» EXCERPTED RECORDS
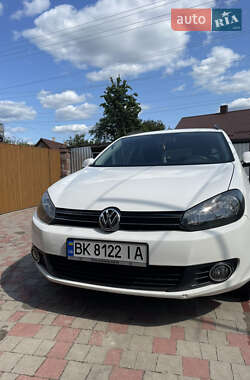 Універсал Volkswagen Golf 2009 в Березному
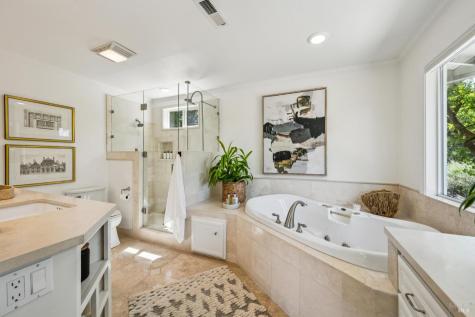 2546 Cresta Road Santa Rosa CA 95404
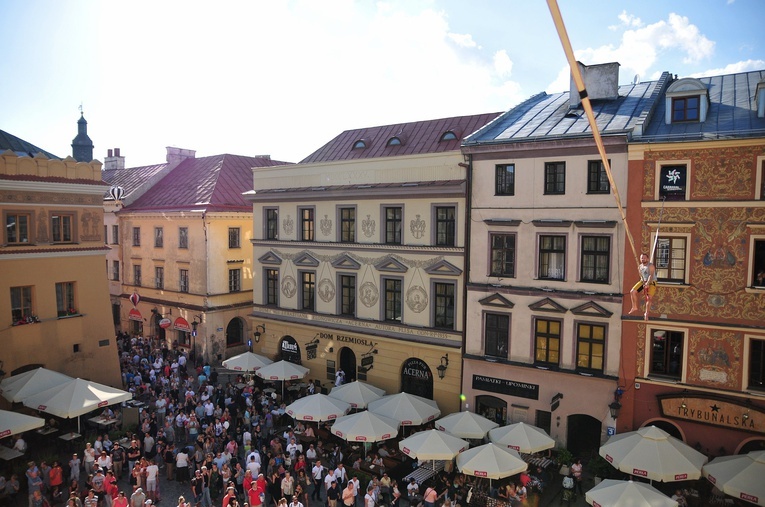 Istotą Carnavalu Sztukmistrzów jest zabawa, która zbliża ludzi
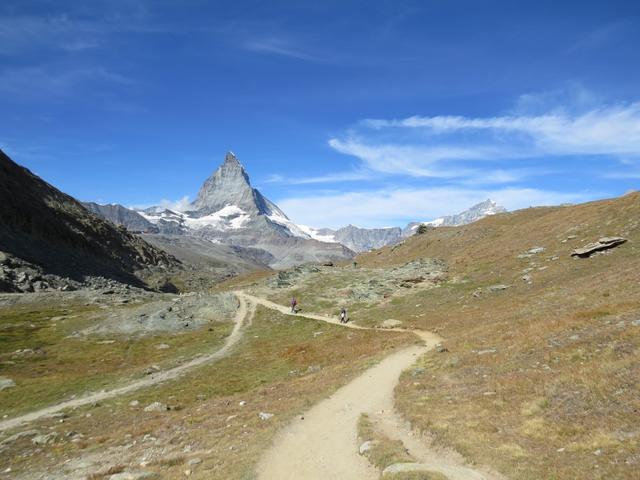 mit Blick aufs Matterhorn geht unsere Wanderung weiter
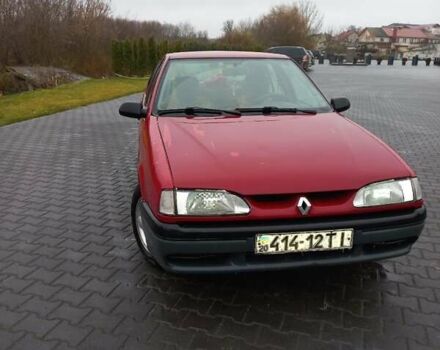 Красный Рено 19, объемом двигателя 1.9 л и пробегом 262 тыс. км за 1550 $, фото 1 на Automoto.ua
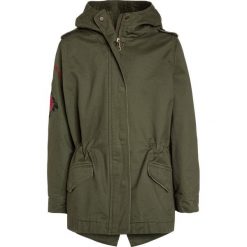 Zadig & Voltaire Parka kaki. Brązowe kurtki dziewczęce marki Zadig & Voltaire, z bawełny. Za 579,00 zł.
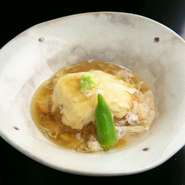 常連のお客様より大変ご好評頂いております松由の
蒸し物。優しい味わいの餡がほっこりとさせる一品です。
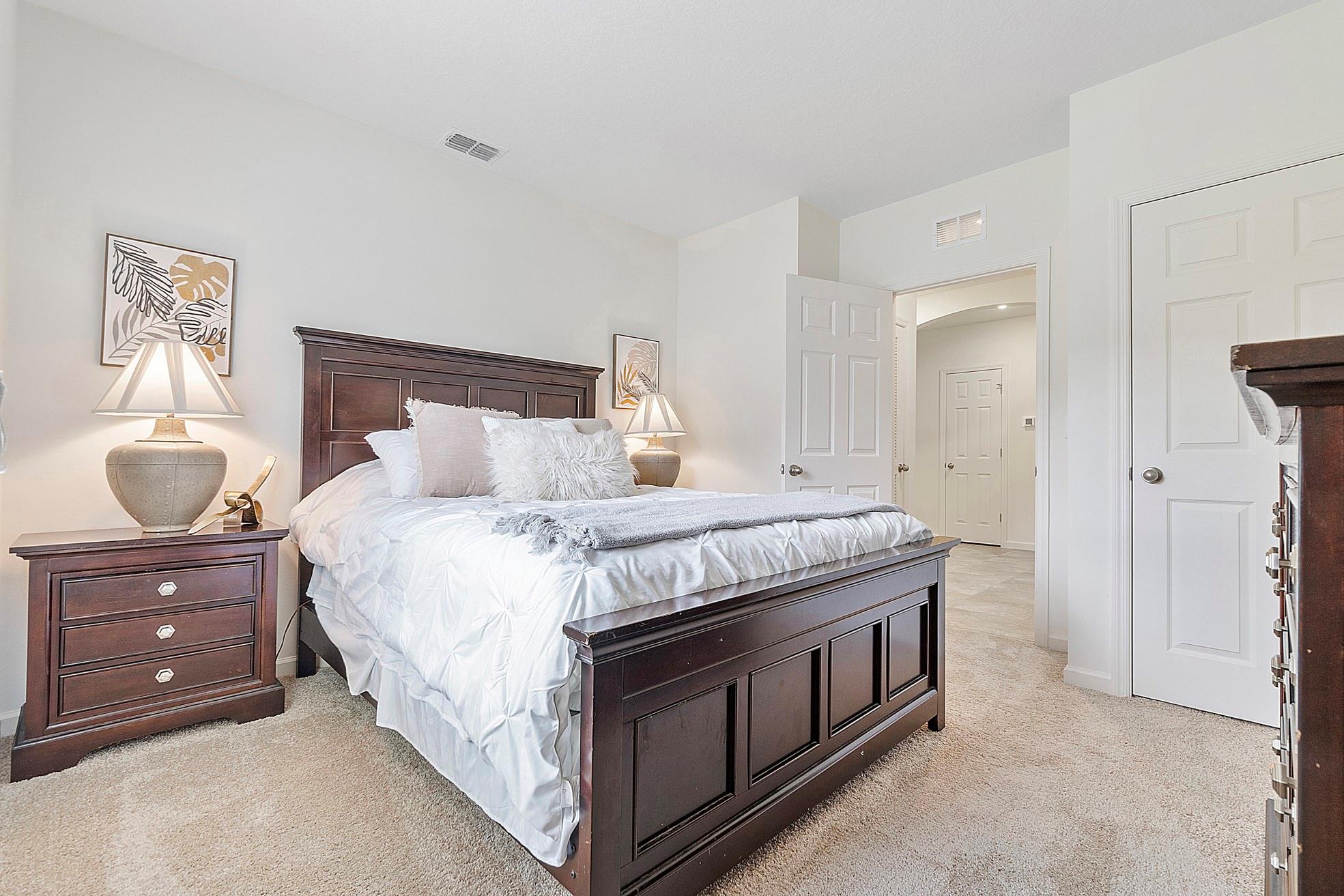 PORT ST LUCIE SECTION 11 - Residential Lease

» THE TASK
The reply should hold the lines from the top of the records through the line containing "蒸し物。優しい味わいの餡がほっこりとさせる一品です。", reproduced exactly, and no pictures.

» COMPLETED EXERCISE
 Універсал Volkswagen Golf 2009 в Березному
 2546 Cresta Road Santa Rosa CA 95404
 Istotą Carnavalu Sztukmistrzów jest zabawa, która zbliża ludzi
 mit Blick aufs Matterhorn geht unsere Wanderung weiter
 Красный Рено 19, объемом двигателя 1.9 л и пробегом 262 тыс. км за 1550 $, фото 1 на Automoto.ua
 Zadig & Voltaire Parka kaki. Brązowe kurtki dziewczęce marki Zadig & Voltaire, z bawełny. Za 579,00 zł.
 常連のお客様より大変ご好評頂いております松由の
蒸し物。優しい味わいの餡がほっこりとさせる一品です。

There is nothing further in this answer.